Sunday, August 14, 2016

New chapter: Living tiny with the Mountain Man in Eastern Oregon's high desert

Last week I took a doozy of a leap toward my next chapter. I gave my two-weeks' notice at The Columbian, the newspaper where I've been a reporter for 4 1/2 years. Leaving Vancouver and Clark County is bittersweet. It's been my home for three decades, but it's time to begin again in a new home.

In the past five years, I've gained a reputation as the diva of downsizing. With each move, I've cut my footprint in half: 2,400 square feet to 1,100 square feet to my current 600 square feet. Now I'm doing it again. I'll be living in 323 square feet and will fulfill my dream of living in a tiny house.

I'm moving 300 miles to the high desert of Eastern Oregon. I'll be living in a 34-foot fifth wheel RV with a view of the Elkhorn Mountains (sometimes called Little Alps) to the west, the Wallowa Mountains to the east and a reservoir just below us.
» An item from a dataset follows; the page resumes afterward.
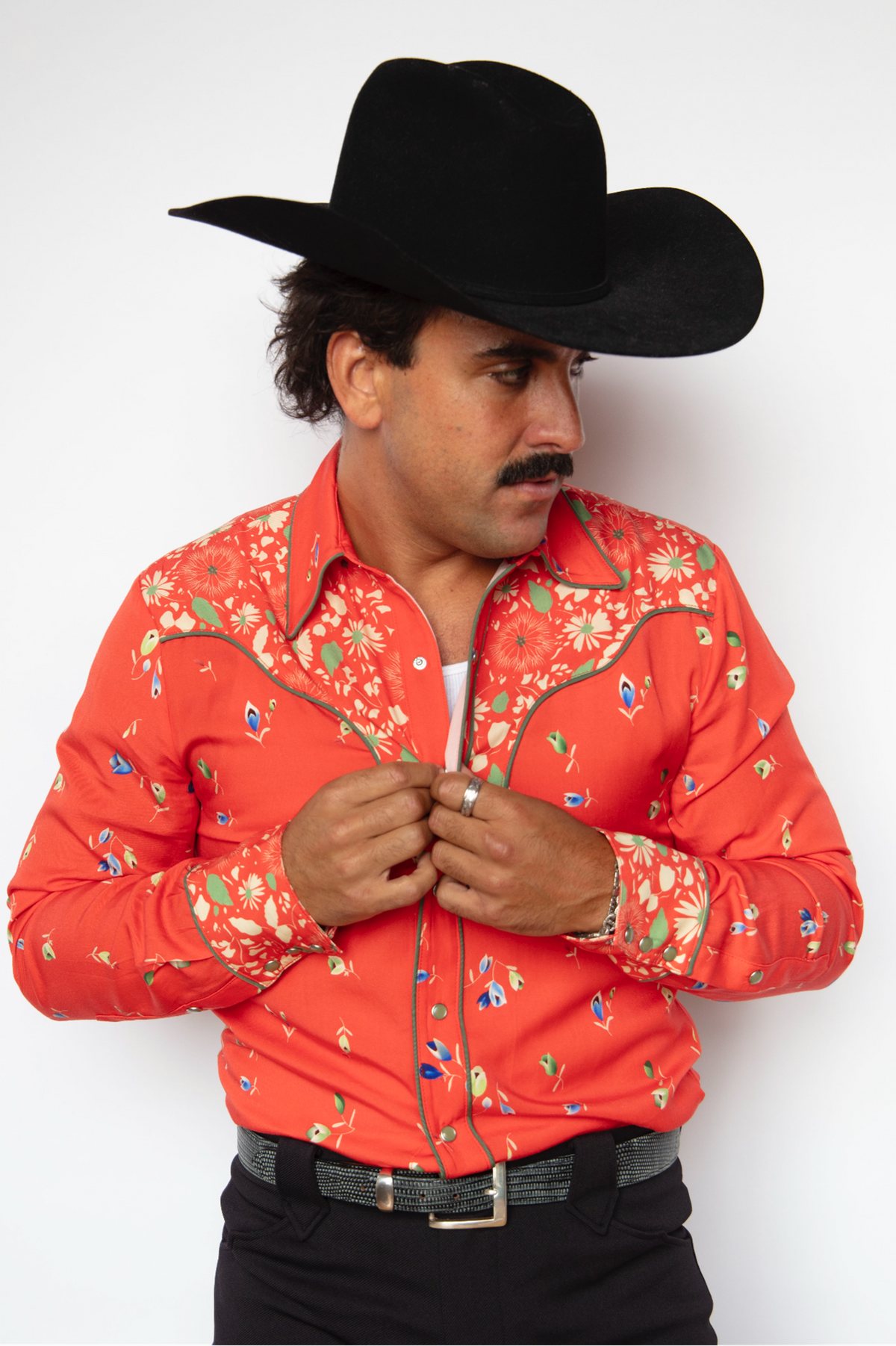 Man in a black cowboy hat wearing the H Bar C Midlands shirt in red with a multicolor floral print, a 1970s rock and roll western shirt.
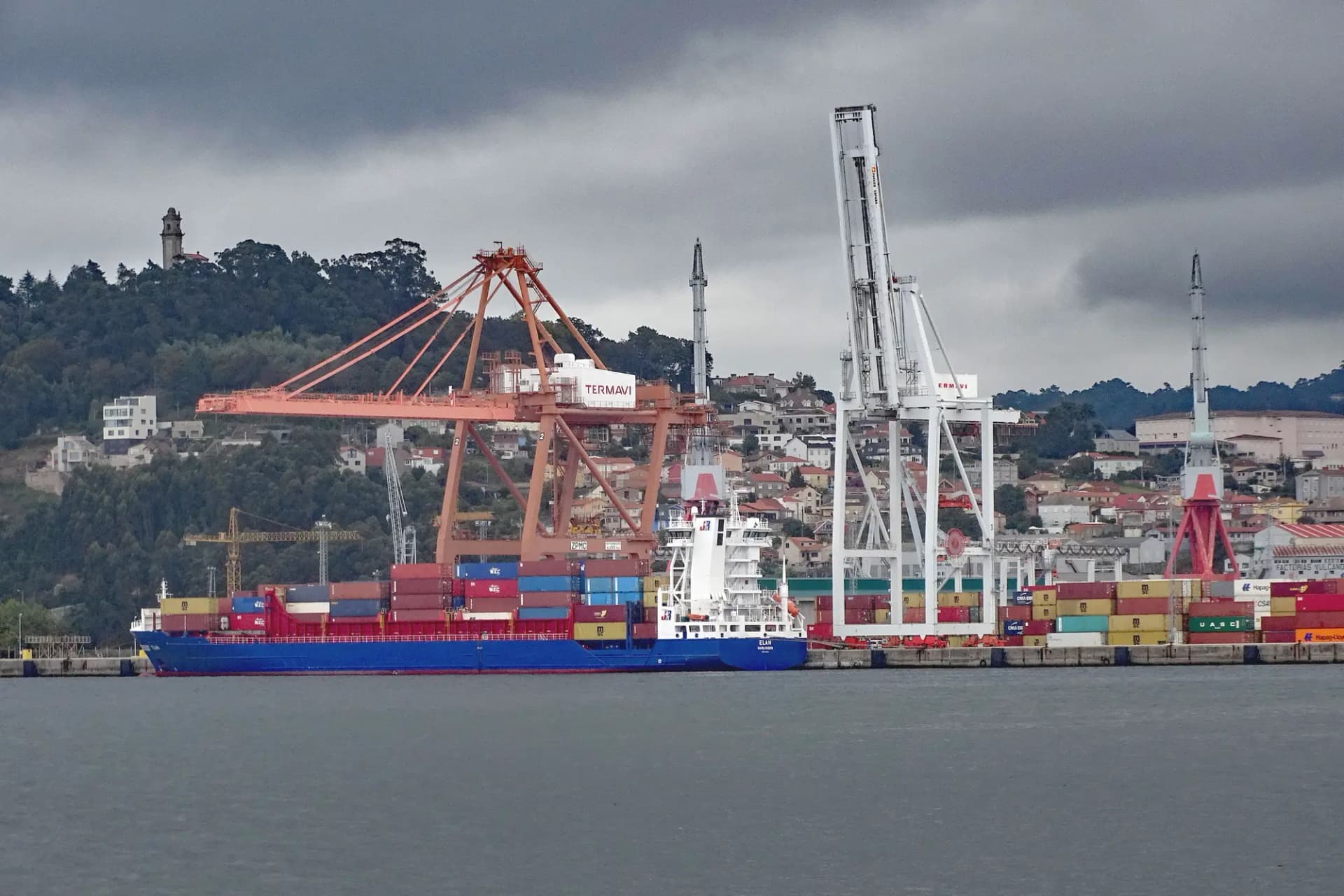 Portacontenedores atracado bajo las grúas de la terminal del puerto de Vigo, con la ciudad en la ladera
It's about 22 miles south of La Grande and 22 miles north of Baker City.

Here's the very best part of my new life: the Mountain Man and I finally will be together. Every day! I'm giddy thinking about our future together and the many adventures awaiting us. We can be kayaking on the reservoir in minutes. Hiking, backpacking and fishing are close by in the Elkhorns. Skiing at Anthony Lakes Mountain Resort is only 45 minutes away. We'll go Western swing dancing, camping in the tipi and playing music around the campfire. How fortunate that we found each other after age 50!

Two weeks ago, I emptied my storage unit, had a yard sale and took yet another a carload of stuff to the Goodwill. Now everything I own fits into my little apartment, my sweet home at the edge of the woods. It's crunch time. I'm editing my belongings one more time and getting rid of stuff that's no longer essential.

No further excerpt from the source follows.